* What to produce: Given the entries below, would you transcribe exactly the lines starting at the one with "Institutional Selves: Troubled" and ending at the one with "Fall Women's Event - A Morning Of Prayer", both kept, pictures omitted, nothing extra?

* Data shown:

=== Begin Enclosure ===

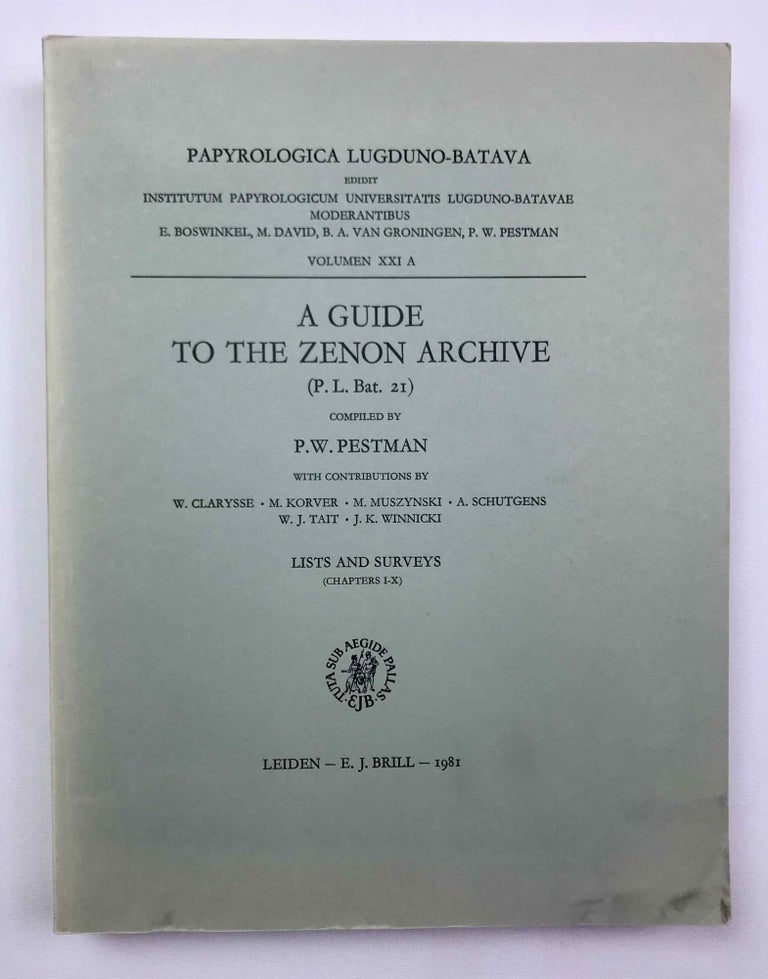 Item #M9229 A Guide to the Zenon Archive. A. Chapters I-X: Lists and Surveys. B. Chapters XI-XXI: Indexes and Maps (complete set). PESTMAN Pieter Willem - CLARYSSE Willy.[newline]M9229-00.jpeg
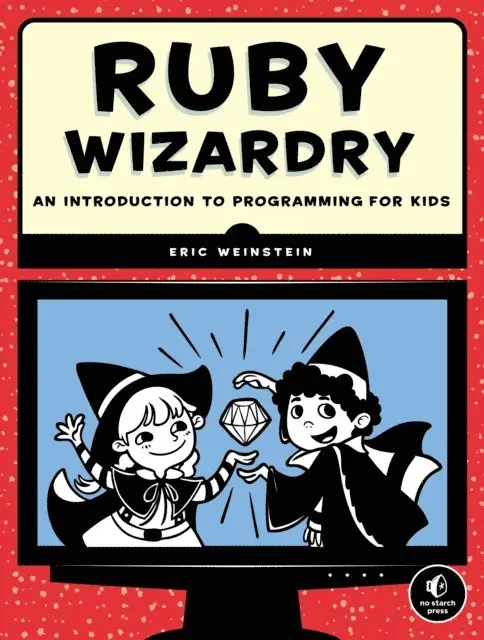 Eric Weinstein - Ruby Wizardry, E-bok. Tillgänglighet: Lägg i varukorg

=== End Enclosure ===
=== Begin Enclosure ===

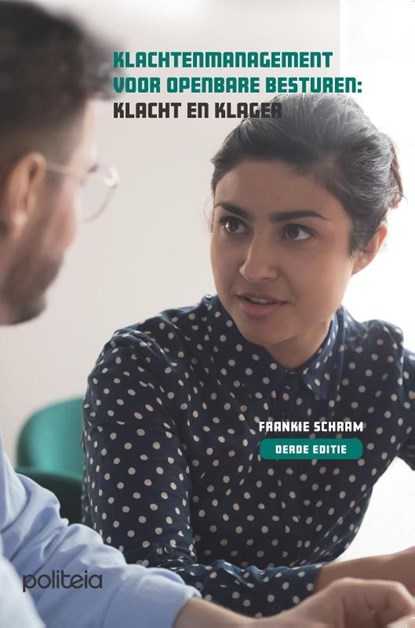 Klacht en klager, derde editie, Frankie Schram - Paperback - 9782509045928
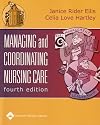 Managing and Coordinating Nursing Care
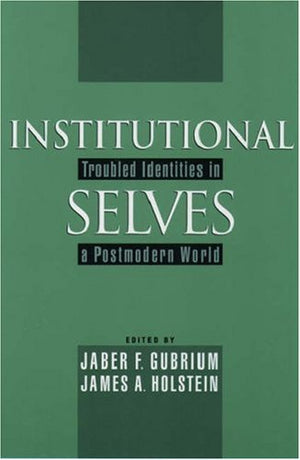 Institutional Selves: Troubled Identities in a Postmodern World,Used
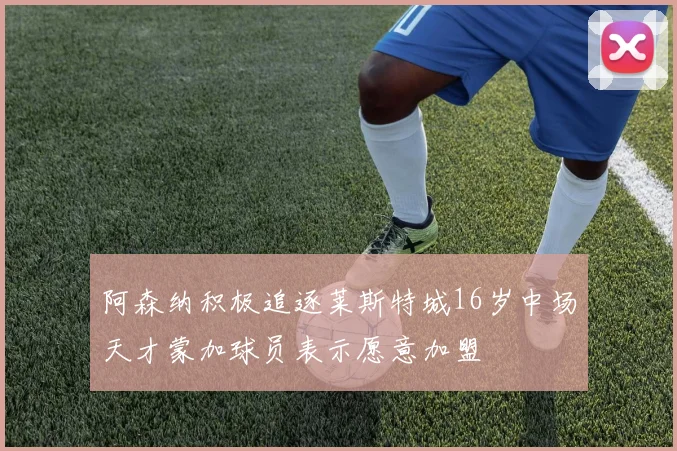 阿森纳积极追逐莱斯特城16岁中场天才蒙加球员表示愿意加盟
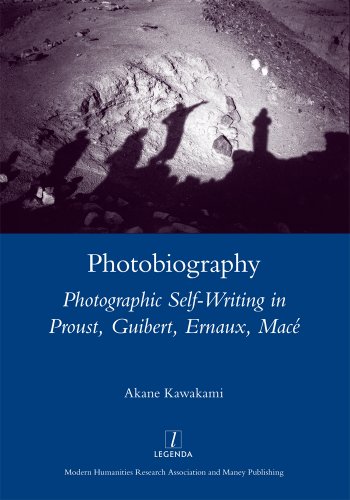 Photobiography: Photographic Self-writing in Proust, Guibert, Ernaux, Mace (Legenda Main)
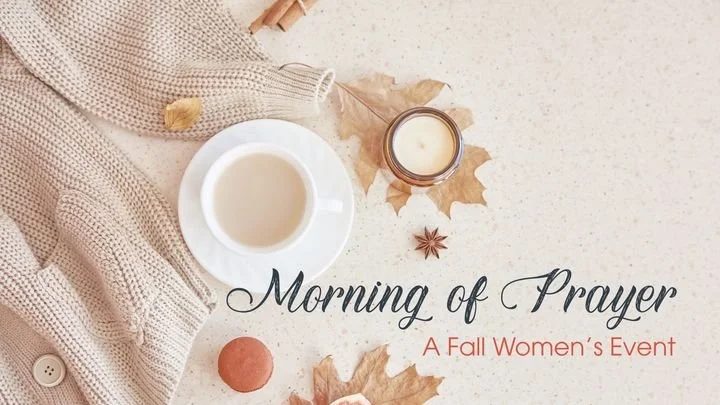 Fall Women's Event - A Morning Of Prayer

=== End Enclosure ===

* Solution to the exercise:
 Institutional Selves: Troubled Identities in a Postmodern World,Used
 阿森纳积极追逐莱斯特城16岁中场天才蒙加球员表示愿意加盟
 Photobiography: Photographic Self-writing in Proust, Guibert, Ernaux, Mace (Legenda Main)
 Fall Women's Event - A Morning Of Prayer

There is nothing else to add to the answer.